• _What needs to be done_: Look below for the line containing "Small Image of", then write out that line and every line after it to the end, exactly, minus the pictures.

....................

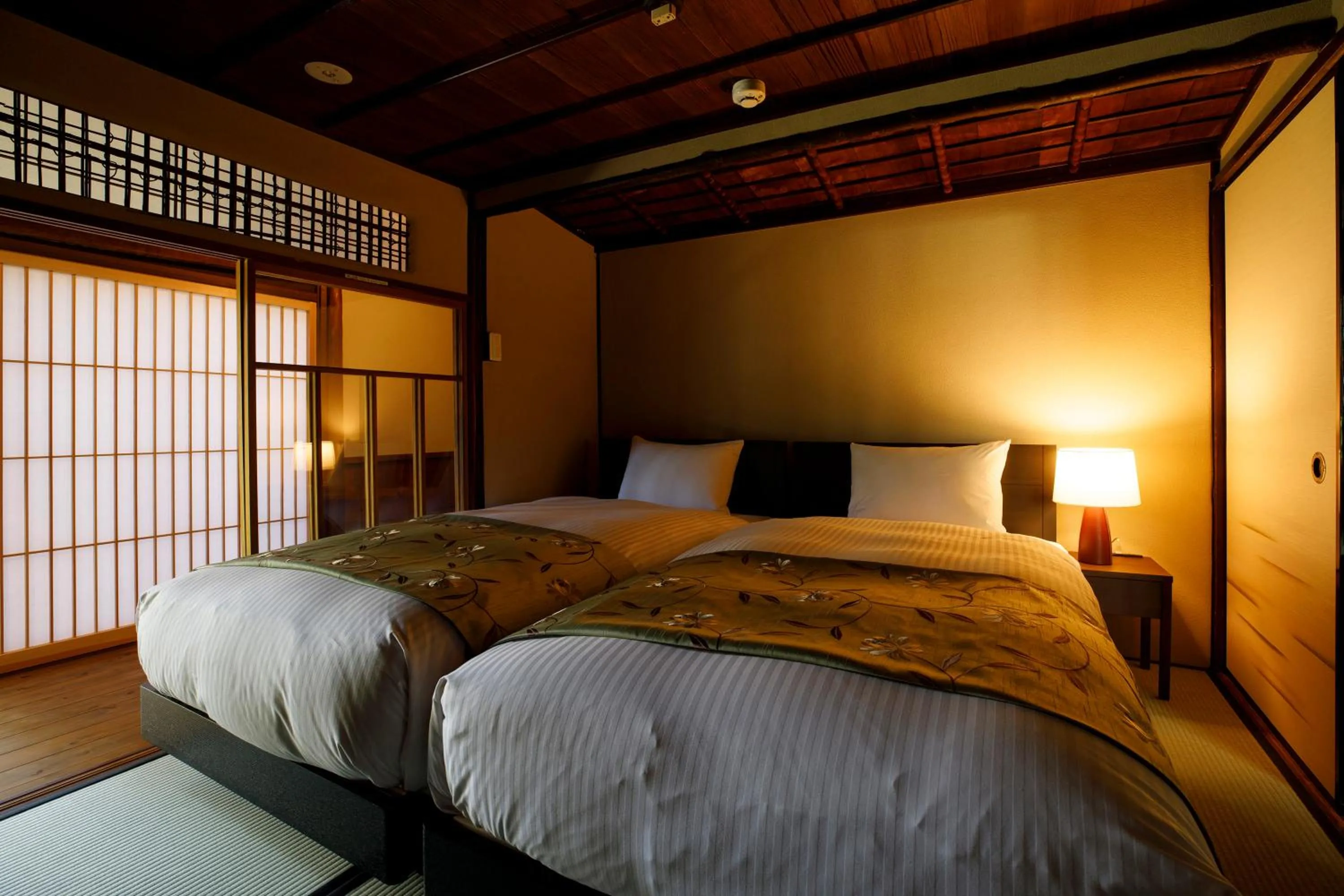 Photo of the whole room, Bed in Machi no Odoriba
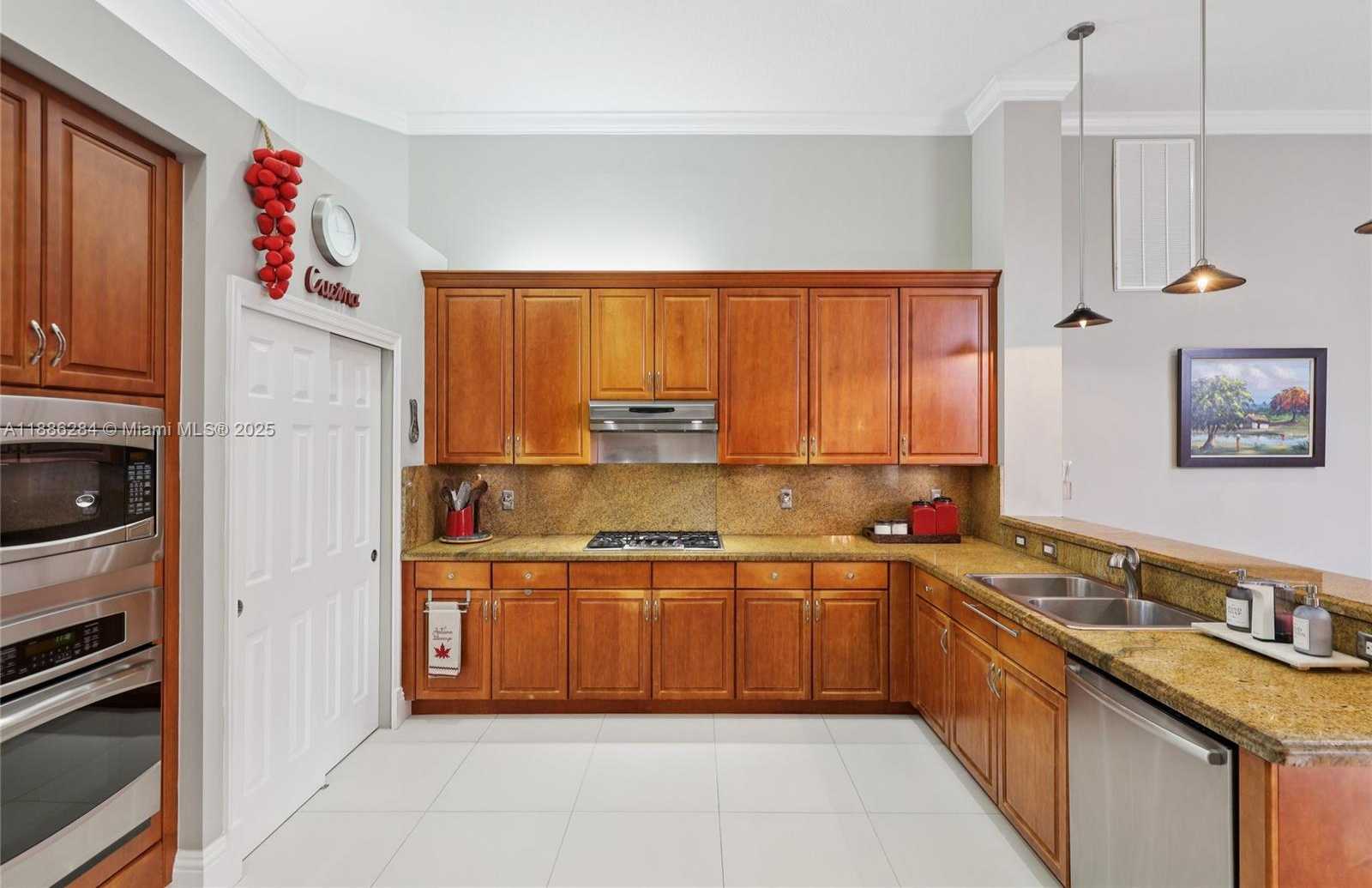 Small Image of 3921 SOUTH WEST 186TH AVE, Miramar Number 8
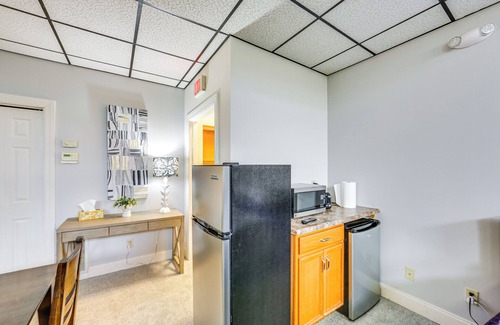 New Kensington Apartment | 1 Mi to Dtwn: Cozy Retreat in New Kensington!
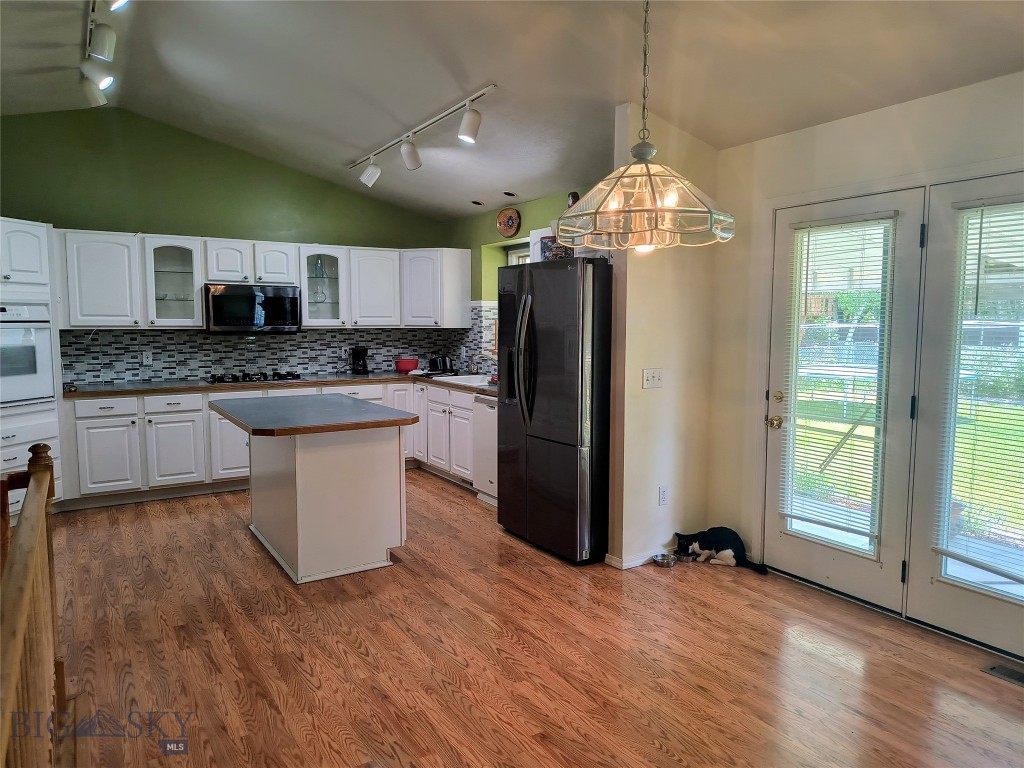 1006 E Missoula
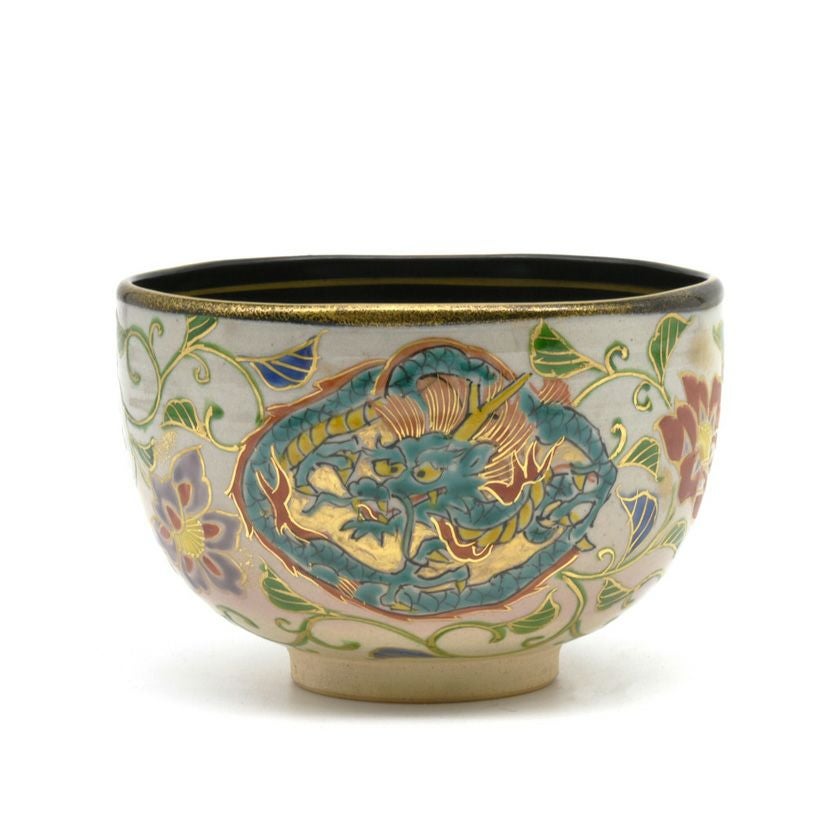 茶道具 抹茶茶碗（まっちゃちゃわん） 茶碗 乾山 内黒 唐花龍鳳凰 壱休窯 干支 辰（たつ 龍 竜 りゅう） 抹茶茶碗は茶の湯文化である表千家・裏千家の茶道具や抹茶を専門に扱う千紀園（せんきえん）が通販で販売しています。茶会また初心者向けのお稽古用にご利用いただける抹茶碗です。贈り物・ギフトにも人気です。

....................

• _Exercise answer_:
 Small Image of 3921 SOUTH WEST 186TH AVE, Miramar Number 8
 New Kensington Apartment | 1 Mi to Dtwn: Cozy Retreat in New Kensington!
 1006 E Missoula
 茶道具 抹茶茶碗（まっちゃちゃわん） 茶碗 乾山 内黒 唐花龍鳳凰 壱休窯 干支 辰（たつ 龍 竜 りゅう） 抹茶茶碗は茶の湯文化である表千家・裏千家の茶道具や抹茶を専門に扱う千紀園（せんきえん）が通販で販売しています。茶会また初心者向けのお稽古用にご利用いただける抹茶碗です。贈り物・ギフトにも人気です。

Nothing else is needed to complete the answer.